Even more worrying is the quiet surge in land allocations and revocations. Public spaces previously earmarked for future use or environmental preservation are reportedly being parcelled out at an unprecedented rate. Residents and civil society actors have raised the alarm, calling the ongoing exercise a strategic redistribution of urban assets to political allies, masquerading as development.
When land becomes currency in political loyalty, urban planning is replaced by urban profiteering. In what has become routine, media appearances and rebuttals to perceived political rivals—funded by the FCTA—are now passed off as governance. Minister Wike’s confrontational media strategy may have worked in Port Harcourt, but in Abuja, it has turned governance into spectacle, with the real cost passed on to residents.
There appears to be no corresponding investments in healthcare, education, agriculture, or social protection. Numerous symbolic infrastructure projects lacking operational components (e.g., bus terminals without buses).
There are allegations of non-transparent land reallocation and revocation, as well as excessive spending on political media optics without developmental value.
The consequences of these include alienation of citizens, especially in rural and peri-urban communities, waste of public funds on underutilized projects, widening social inequality within the territory, and loss of public trust in FCTA leadership and institutions.
Social spending should be reprioritized, and at least 40% of the 2025 FCT budget should be allocated to health, education, agriculture, and job creation.

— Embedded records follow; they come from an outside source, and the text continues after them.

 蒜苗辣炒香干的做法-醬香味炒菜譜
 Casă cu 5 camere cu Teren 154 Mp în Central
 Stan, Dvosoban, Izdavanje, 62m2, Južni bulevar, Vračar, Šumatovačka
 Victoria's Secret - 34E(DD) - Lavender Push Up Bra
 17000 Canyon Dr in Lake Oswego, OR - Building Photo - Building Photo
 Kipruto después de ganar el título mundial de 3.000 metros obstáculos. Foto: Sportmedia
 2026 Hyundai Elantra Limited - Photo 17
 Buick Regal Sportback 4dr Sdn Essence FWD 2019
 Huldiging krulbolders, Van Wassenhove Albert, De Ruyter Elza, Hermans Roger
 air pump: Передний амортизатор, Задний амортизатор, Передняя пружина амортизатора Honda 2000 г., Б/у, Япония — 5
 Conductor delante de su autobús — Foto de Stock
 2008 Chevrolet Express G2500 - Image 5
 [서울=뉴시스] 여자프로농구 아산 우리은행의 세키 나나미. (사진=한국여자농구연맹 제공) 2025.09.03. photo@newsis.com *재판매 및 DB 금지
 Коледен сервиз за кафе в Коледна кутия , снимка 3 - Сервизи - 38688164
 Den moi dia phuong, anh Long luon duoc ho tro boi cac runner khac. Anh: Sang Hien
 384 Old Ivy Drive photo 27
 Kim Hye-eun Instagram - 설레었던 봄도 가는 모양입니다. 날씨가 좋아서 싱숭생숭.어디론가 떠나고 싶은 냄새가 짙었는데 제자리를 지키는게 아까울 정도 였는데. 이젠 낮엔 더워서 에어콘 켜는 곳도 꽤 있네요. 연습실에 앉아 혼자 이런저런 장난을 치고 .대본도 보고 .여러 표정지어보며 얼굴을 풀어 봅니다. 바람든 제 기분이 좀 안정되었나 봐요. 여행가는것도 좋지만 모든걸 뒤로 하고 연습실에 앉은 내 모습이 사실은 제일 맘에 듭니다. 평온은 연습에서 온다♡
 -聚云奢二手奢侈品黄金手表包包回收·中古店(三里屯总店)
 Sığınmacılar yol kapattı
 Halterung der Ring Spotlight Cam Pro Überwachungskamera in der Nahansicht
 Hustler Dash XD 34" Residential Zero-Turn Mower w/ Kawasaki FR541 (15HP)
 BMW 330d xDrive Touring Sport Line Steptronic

The FCT Administration should develop an inclusive urban transport policy, establish a functional public transport system with procurement of buses, route mapping, and pricing frameworks.
It should audit and regulate land allocations, publish a transparent digital registry of land transactions and revoke questionable reallocations.
Also, ban the use of FCTA funds for political commentary, interviews, and PR unrelated to development outcomes.
Engage Area Councils in participatory budgeting, strengthen local governance by mandating that a minimum percentage of capital projects originate from area council proposals based on community consultation.
What Abuja needs is not a makeover—it needs meaningful transformation rooted in fairness, sustainability, and responsiveness. It needs roads, yes, but also hospitals. It needs terminals, but also functioning schools. It needs leadership that understands governance is not show business, and development is not measured by how many projects are commissioned in 19 days.
President Tinubu must recalibrate the FCTA’s direction. Nigeria’s capital should not be a battlefield for egos or a trophy case of political extravagance. It must be a model of balanced development, driven by leaders who understand that true infrastructure begins with the people—not just concrete.